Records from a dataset

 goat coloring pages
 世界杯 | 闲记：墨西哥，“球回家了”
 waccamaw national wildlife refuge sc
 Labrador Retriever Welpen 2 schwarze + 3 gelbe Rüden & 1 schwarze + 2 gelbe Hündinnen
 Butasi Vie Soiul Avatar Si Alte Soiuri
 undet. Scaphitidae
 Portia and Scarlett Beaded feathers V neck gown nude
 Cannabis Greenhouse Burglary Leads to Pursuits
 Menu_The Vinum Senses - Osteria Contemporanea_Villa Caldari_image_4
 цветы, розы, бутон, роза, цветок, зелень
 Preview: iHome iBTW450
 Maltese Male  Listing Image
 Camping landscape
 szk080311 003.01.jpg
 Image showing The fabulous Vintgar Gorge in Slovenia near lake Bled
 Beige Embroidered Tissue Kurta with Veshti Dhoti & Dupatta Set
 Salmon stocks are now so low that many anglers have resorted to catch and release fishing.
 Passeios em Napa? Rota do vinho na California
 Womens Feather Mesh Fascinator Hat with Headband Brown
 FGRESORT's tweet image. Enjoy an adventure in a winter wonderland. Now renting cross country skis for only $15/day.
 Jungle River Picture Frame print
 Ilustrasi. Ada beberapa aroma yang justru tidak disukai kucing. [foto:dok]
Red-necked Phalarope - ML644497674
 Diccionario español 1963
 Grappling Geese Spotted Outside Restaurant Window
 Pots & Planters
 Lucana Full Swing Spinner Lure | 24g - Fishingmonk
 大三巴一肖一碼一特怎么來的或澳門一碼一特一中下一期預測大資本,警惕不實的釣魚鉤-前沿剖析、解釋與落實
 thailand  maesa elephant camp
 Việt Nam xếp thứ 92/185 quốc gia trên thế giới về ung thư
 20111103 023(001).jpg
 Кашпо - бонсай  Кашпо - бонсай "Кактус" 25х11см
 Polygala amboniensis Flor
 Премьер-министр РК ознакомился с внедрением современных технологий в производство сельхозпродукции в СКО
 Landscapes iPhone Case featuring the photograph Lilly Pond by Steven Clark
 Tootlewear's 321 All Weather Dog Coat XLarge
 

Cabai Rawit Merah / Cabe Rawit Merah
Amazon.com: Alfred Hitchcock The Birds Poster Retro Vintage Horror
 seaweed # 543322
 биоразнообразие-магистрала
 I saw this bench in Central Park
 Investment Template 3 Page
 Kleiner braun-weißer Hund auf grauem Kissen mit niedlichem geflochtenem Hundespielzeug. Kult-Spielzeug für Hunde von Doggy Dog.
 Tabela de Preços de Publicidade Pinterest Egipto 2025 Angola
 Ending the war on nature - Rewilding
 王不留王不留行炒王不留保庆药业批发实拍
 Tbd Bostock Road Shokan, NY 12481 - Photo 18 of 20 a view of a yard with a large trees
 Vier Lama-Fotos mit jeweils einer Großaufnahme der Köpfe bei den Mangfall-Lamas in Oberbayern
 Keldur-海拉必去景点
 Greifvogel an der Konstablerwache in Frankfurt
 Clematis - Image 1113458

WORK REQUIRED - The entries above hold the needed span. Transcribe exactly the lines from the one with "Landscapes iPhone Case" to the one with "Investment Template 3 Page", both included.

FINAL ANSWER -
 Landscapes iPhone Case featuring the photograph Lilly Pond by Steven Clark
 Tootlewear's 321 All Weather Dog Coat XLarge
 

Cabai Rawit Merah / Cabe Rawit Merah
Amazon.com: Alfred Hitchcock The Birds Poster Retro Vintage Horror
 seaweed # 543322
 биоразнообразие-магистрала
 I saw this bench in Central Park
 Investment Template 3 Page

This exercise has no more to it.